Choose an Out-of-Area Emergency Contact
Step 2: Choose an Out-of-Area Emergency Contact
What You Need to Know
During local disasters, it's often easier to make long-distance calls than local calls. Phone networks get congested in the affected area, but calls going out of the region may go through.
This is why you need an out-of-area contact, someone who lives at least 100 miles away who can act as a central point of communication for your family.
How to Choose Your Contact
The ideal out-of-area contact:
Lives in a different state or at least 100+ miles away
Is reliable and will answer their phone
Knows your family well
Is willing to take on this role
Has a landline (if possible, landlines often work when cell networks fail)
Good choices:
A parent or sibling in another state
A close friend who lives far away
An adult child in college in another region
Extended family in a different part of the country
Not ideal:
Neighbors or local friends (they'll be dealing with the same emergency)
Someone in the same metropolitan area
Someone you can't reach reliably
What to Tell Them
Once you've chosen your contact, have a conversation with them:
1. Explain their role: "We've chosen you as our emergency contact.
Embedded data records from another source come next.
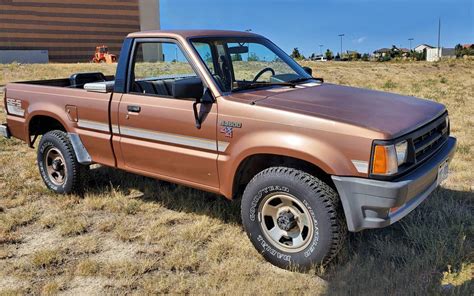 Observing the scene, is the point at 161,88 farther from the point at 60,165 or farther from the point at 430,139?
the point at 430,139

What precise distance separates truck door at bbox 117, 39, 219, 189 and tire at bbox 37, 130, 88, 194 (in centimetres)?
84

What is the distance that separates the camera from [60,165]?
5.24 metres

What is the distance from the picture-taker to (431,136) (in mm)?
3594

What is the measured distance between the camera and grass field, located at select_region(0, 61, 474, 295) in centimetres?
324

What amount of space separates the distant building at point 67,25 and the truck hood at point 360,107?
61781 mm

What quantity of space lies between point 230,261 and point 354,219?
108 centimetres

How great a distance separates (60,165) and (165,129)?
1936mm

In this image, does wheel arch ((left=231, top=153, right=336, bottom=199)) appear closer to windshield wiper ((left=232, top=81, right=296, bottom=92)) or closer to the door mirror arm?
the door mirror arm

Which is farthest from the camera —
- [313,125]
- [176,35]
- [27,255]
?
[176,35]

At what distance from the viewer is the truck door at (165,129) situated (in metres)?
3.77

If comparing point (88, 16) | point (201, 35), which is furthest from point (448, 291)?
point (88, 16)

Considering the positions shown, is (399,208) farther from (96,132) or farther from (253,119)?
(96,132)

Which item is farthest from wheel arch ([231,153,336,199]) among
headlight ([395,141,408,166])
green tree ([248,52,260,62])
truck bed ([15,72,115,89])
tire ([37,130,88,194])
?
truck bed ([15,72,115,89])

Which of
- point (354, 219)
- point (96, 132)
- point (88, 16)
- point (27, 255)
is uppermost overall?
point (88, 16)
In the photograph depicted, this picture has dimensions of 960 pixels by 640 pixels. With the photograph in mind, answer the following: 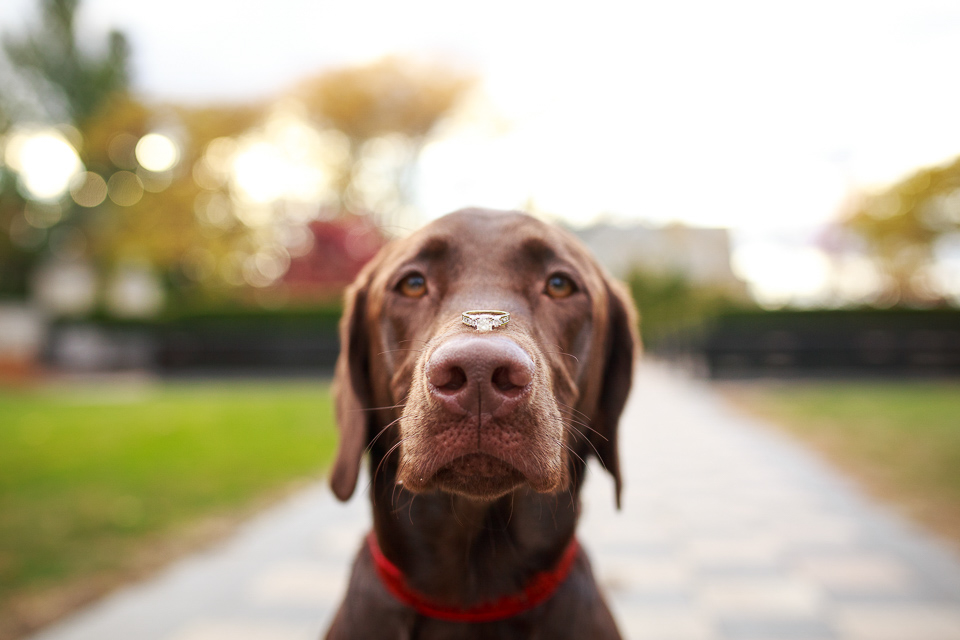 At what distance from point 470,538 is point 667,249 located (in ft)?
118

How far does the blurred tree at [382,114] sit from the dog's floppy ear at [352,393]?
2373cm

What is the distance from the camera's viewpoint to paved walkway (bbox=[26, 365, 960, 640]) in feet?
9.10

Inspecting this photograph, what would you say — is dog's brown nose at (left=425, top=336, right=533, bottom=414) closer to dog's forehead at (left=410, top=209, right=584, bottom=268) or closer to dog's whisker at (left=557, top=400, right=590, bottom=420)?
dog's whisker at (left=557, top=400, right=590, bottom=420)

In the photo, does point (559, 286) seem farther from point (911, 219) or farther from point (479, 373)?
point (911, 219)

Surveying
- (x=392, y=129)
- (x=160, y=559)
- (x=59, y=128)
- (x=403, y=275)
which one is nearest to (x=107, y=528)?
(x=160, y=559)

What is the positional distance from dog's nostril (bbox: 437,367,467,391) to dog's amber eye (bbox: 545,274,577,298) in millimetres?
604

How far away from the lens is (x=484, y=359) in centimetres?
127

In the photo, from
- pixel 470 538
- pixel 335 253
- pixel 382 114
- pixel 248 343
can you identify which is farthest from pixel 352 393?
pixel 382 114

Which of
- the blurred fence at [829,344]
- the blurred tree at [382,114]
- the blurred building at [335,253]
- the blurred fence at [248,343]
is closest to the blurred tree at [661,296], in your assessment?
the blurred fence at [829,344]

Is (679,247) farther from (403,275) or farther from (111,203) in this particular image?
(403,275)

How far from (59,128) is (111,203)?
13.1ft

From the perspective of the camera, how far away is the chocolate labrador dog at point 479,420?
4.40 feet

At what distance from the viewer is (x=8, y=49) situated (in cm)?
2784

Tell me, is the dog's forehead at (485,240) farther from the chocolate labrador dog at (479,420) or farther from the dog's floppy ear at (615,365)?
the dog's floppy ear at (615,365) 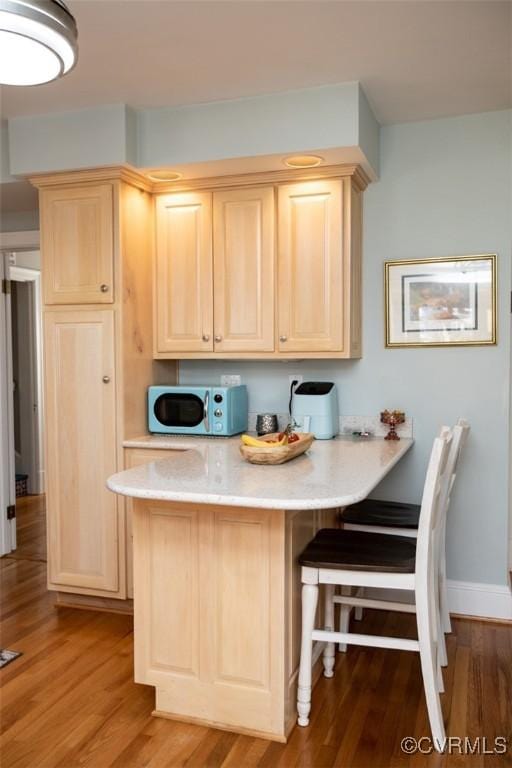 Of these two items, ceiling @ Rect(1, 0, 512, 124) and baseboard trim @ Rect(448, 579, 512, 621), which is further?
baseboard trim @ Rect(448, 579, 512, 621)

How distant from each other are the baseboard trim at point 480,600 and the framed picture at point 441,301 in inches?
49.5

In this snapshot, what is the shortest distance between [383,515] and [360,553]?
645 millimetres

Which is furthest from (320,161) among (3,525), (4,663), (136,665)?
(3,525)

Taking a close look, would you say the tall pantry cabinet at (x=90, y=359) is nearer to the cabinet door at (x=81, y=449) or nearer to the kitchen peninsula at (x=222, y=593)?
the cabinet door at (x=81, y=449)

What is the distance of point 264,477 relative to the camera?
2291 millimetres

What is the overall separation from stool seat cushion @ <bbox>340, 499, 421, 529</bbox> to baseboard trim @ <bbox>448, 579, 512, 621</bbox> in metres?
0.59

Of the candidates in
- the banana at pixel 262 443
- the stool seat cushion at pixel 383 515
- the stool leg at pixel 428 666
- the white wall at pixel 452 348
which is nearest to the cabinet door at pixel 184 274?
the white wall at pixel 452 348

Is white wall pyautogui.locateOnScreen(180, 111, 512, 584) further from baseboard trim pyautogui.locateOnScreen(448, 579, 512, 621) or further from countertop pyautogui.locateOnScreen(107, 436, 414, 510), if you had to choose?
countertop pyautogui.locateOnScreen(107, 436, 414, 510)

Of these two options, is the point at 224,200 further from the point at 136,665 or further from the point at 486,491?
the point at 136,665

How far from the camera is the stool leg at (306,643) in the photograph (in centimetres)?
223

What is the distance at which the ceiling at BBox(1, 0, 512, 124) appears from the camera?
2.30 m

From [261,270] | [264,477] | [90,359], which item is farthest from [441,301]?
[90,359]

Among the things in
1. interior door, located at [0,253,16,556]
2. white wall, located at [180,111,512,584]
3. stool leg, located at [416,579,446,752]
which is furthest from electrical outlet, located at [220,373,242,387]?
stool leg, located at [416,579,446,752]

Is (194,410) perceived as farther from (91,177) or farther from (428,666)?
(428,666) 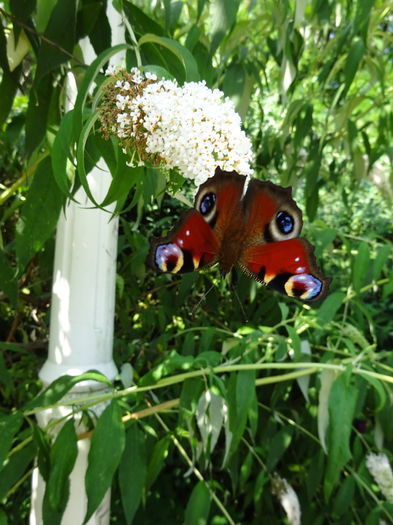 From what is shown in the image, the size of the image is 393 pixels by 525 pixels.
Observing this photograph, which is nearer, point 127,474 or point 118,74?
point 118,74

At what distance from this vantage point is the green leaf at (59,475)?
738 mm

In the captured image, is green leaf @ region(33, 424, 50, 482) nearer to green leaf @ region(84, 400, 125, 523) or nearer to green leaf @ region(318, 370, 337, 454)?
green leaf @ region(84, 400, 125, 523)

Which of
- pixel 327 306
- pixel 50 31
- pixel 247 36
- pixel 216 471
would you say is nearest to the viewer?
pixel 50 31

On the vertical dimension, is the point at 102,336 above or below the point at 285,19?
below

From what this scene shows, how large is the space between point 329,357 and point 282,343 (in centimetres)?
10

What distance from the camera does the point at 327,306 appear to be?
1048 mm

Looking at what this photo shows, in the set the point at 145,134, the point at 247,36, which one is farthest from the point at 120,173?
the point at 247,36

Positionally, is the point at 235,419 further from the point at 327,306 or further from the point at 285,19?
the point at 285,19

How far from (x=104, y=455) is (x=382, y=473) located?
2.16 feet

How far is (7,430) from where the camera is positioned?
748 millimetres

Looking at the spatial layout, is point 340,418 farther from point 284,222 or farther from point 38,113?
point 38,113

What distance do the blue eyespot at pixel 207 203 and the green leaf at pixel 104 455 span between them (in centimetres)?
41

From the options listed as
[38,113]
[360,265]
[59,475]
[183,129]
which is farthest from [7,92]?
[360,265]

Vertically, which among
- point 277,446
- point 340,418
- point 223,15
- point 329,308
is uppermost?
point 223,15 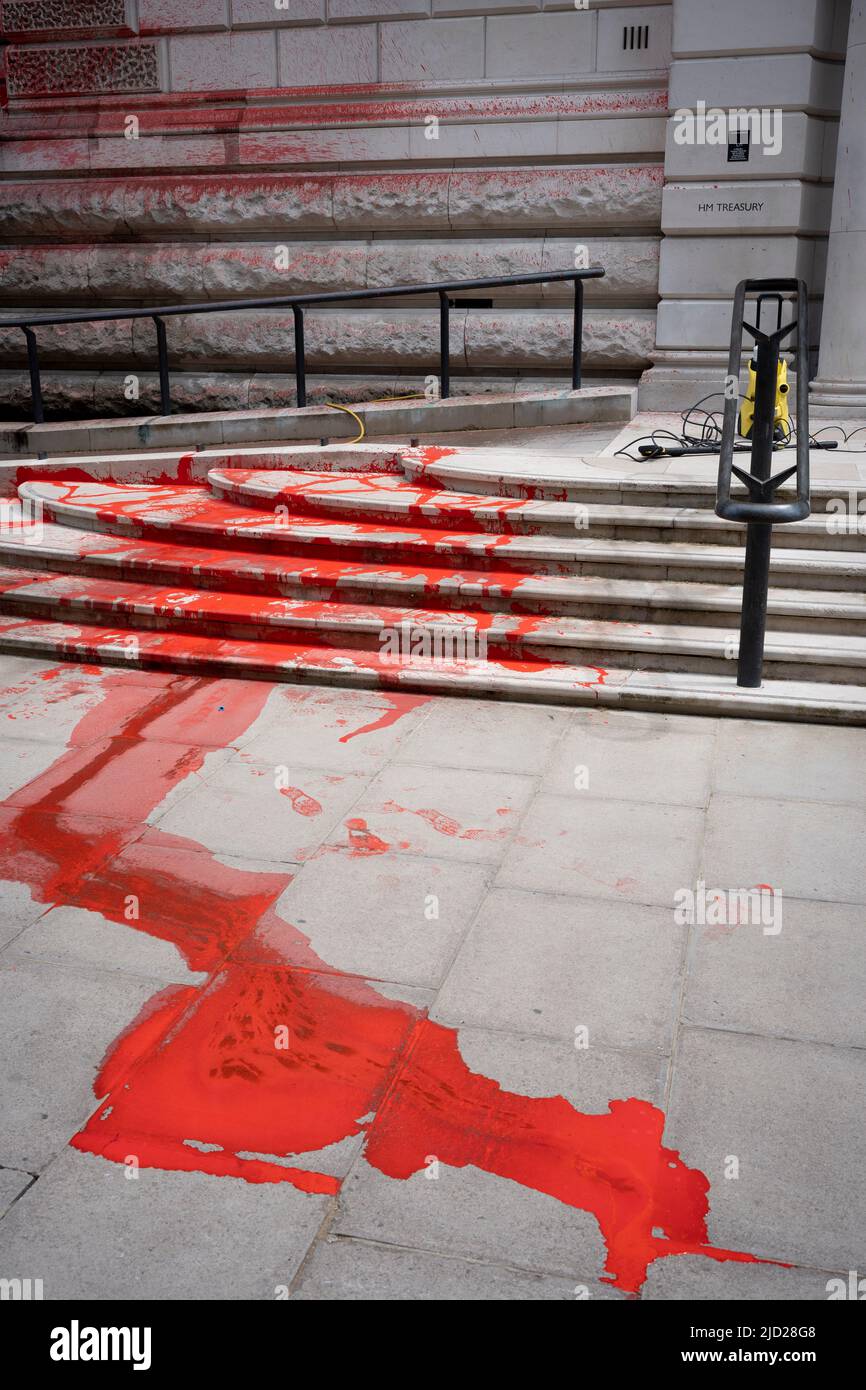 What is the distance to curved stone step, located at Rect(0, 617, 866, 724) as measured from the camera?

If we're ever separated during a disaster, we'll all call you to check in and leave messages about where we are and if we're okay."
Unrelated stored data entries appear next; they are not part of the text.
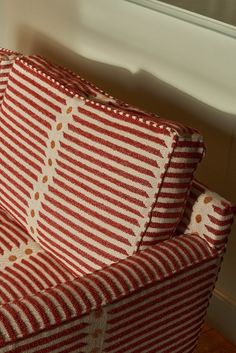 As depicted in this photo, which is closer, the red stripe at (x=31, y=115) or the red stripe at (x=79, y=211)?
the red stripe at (x=79, y=211)

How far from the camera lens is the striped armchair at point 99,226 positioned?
1.06m

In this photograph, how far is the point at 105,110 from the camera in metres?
1.33

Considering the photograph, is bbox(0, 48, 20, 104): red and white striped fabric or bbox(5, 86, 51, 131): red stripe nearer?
bbox(5, 86, 51, 131): red stripe

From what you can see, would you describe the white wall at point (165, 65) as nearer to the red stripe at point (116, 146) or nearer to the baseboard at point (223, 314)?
the baseboard at point (223, 314)

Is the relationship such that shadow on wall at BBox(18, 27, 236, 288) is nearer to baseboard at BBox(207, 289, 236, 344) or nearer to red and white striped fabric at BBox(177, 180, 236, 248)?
baseboard at BBox(207, 289, 236, 344)

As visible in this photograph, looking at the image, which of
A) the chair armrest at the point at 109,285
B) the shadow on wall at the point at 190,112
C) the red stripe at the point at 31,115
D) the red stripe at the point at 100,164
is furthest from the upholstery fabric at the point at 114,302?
the shadow on wall at the point at 190,112

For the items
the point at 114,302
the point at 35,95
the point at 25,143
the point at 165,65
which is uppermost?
the point at 165,65

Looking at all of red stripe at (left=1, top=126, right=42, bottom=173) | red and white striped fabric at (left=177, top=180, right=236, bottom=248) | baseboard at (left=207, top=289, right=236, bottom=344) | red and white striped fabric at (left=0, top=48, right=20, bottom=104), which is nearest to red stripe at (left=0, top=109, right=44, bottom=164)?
red stripe at (left=1, top=126, right=42, bottom=173)

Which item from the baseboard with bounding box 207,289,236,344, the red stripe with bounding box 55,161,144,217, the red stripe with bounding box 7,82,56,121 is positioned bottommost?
the baseboard with bounding box 207,289,236,344

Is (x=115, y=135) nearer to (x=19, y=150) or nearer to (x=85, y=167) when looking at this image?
(x=85, y=167)

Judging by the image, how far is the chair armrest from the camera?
3.27 ft

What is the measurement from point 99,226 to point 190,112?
1.85ft

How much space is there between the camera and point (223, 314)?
1.86m

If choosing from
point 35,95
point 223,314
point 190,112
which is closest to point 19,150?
point 35,95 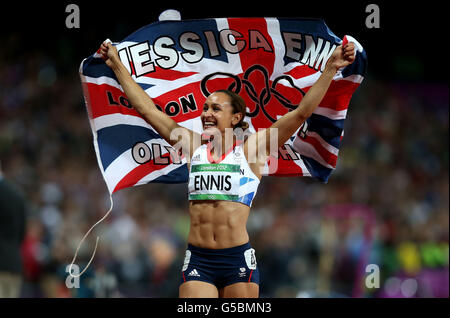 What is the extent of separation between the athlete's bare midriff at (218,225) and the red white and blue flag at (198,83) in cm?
95

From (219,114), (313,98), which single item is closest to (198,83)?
(219,114)

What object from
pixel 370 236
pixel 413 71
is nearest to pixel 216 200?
pixel 370 236

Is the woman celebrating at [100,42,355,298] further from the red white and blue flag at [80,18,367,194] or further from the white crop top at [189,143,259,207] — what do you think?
the red white and blue flag at [80,18,367,194]

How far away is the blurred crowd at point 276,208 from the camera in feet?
33.5

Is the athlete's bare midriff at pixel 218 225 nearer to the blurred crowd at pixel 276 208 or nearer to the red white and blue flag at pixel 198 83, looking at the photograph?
the red white and blue flag at pixel 198 83

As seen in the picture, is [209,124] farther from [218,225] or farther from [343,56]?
[343,56]

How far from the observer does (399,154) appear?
15.7 m

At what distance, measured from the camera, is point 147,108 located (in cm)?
511

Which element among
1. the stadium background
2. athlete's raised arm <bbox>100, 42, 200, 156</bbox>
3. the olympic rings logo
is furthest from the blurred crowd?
the olympic rings logo

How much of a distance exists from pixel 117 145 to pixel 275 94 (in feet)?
4.52

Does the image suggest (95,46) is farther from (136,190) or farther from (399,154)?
(399,154)

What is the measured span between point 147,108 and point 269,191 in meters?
8.76

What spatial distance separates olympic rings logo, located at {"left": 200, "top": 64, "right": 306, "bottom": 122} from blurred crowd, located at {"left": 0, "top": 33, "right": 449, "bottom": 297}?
2.58 metres

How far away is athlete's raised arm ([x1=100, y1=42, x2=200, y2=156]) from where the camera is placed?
5.05m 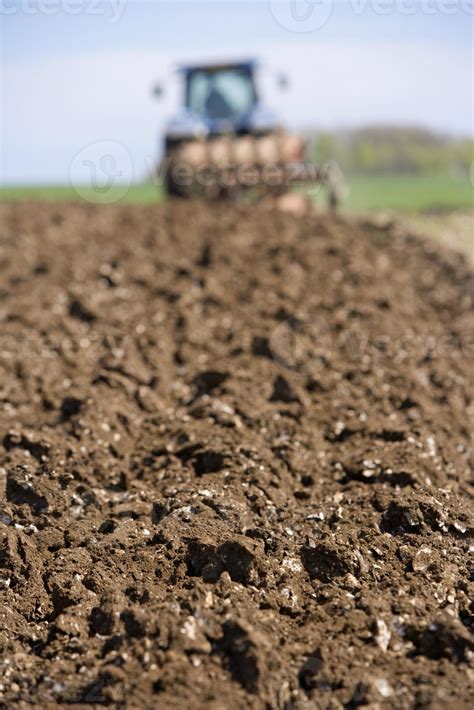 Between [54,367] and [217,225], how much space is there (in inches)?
172

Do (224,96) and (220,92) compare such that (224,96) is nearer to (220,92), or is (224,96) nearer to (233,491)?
(220,92)

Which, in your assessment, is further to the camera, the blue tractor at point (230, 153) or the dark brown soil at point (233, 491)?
the blue tractor at point (230, 153)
2. Share your information:
Names and cell numbers of all family members
Home address
Work/school addresses
Any medical conditions they should know about
Names and numbers of other close family members
3. Confirm their information:
Get their current phone number(s)
Make sure everyone in your family has it saved in their phone
Ask if they have a landline number as backup
4. Plan when to check in:
After any significant emergency (earthquake, hurricane, flood)
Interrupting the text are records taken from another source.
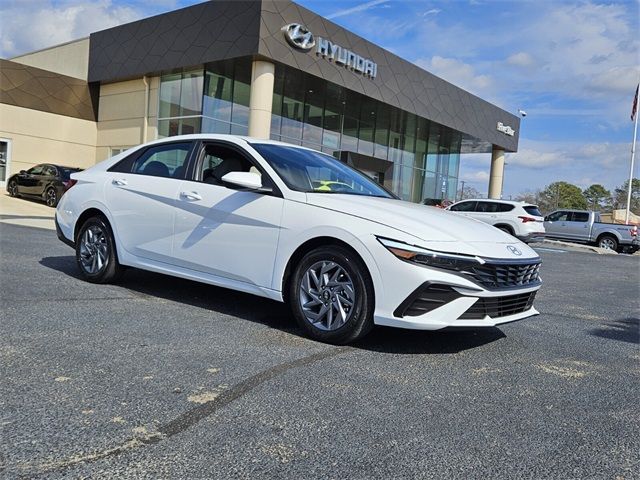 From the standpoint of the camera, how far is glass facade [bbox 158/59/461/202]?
811 inches

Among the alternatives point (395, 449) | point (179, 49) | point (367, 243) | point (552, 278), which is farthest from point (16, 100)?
point (395, 449)

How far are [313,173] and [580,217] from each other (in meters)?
22.8

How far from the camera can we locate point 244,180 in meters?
4.55

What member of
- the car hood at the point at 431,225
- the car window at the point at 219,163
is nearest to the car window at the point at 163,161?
the car window at the point at 219,163

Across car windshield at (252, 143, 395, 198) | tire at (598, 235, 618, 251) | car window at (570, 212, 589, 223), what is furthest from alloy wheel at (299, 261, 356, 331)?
car window at (570, 212, 589, 223)

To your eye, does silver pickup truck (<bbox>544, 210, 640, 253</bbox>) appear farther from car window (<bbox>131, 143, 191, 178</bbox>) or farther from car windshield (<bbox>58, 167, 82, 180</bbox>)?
car window (<bbox>131, 143, 191, 178</bbox>)

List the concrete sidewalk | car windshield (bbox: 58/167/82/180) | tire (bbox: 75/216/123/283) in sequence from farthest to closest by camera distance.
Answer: car windshield (bbox: 58/167/82/180) < the concrete sidewalk < tire (bbox: 75/216/123/283)

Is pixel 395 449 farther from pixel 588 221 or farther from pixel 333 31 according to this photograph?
pixel 588 221

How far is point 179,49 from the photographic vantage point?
20047 millimetres

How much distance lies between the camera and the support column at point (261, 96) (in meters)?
18.5

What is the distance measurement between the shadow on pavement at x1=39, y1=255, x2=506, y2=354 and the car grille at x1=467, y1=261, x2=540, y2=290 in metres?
0.60

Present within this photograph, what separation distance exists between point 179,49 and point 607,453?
20178 mm

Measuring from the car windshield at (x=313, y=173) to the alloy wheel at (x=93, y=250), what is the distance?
6.81ft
If you can't reach each other directly
If you've evacuated and are in a safe place
Make It Official
Everyone in your family should:
Save this contact in their phone as "ICE - [Name]" (ICE = In Case of Emergency)
Have it written on their emergency wallet card
Know to call this person if separated from family
Set a reminder to update this information once a year (when daylight saving time changes is an easy trigger).